◆ What you should do: Two lines in the listing below mark the span: one contains "An image of street art and a taxi" and one contains "Young couple kissing during blizzard". Reproduce both of them and everything between, exactly.

[[ Records for this task, beginning ]]

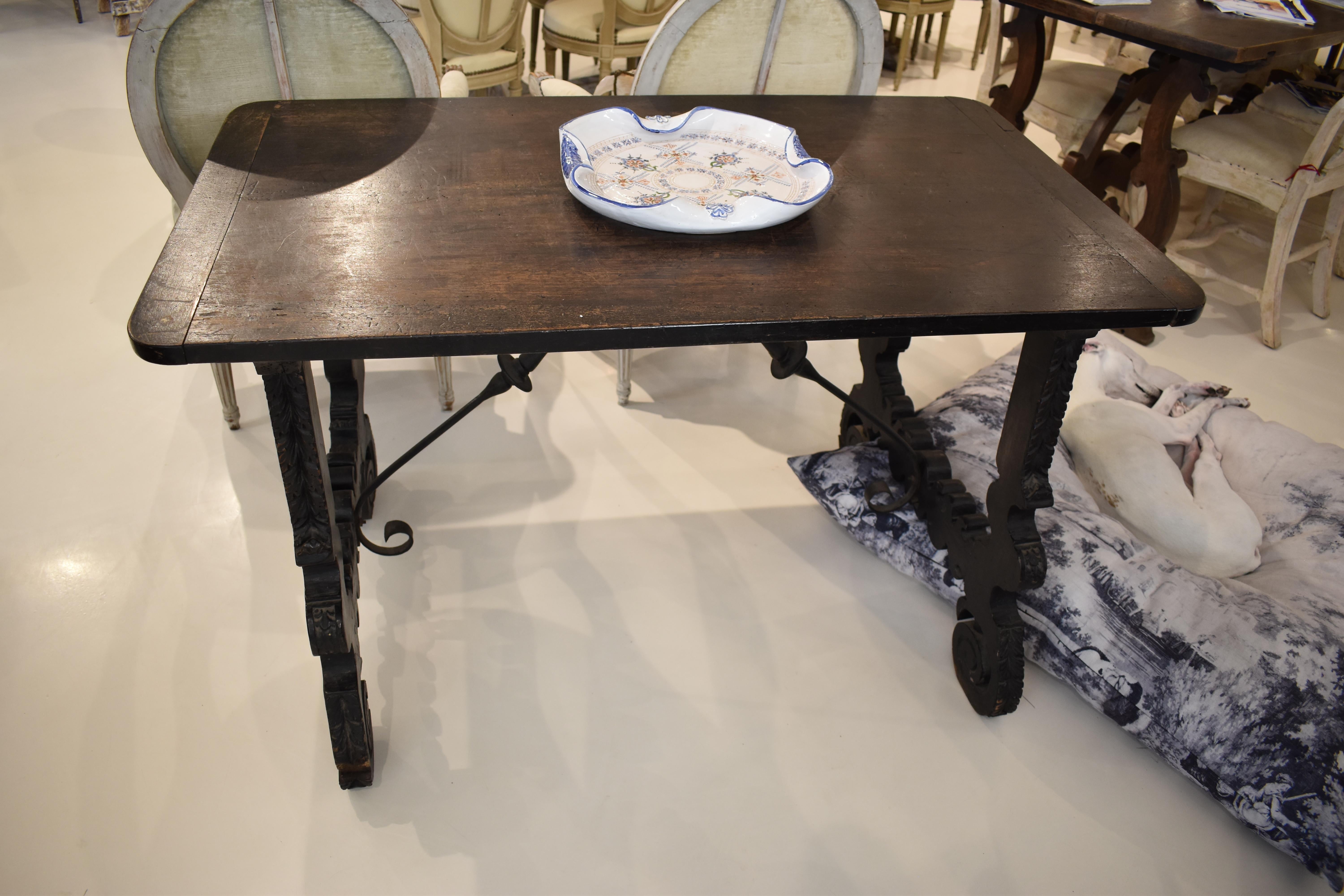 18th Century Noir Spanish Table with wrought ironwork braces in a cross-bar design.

[[ Records for this task, end ]]
[[ Records for this task, beginning ]]

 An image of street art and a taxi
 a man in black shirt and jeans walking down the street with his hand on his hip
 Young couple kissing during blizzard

[[ Records for this task, end ]]

◆ Exercise response:
 An image of street art and a taxi
 a man in black shirt and jeans walking down the street with his hand on his hip
 Young couple kissing during blizzard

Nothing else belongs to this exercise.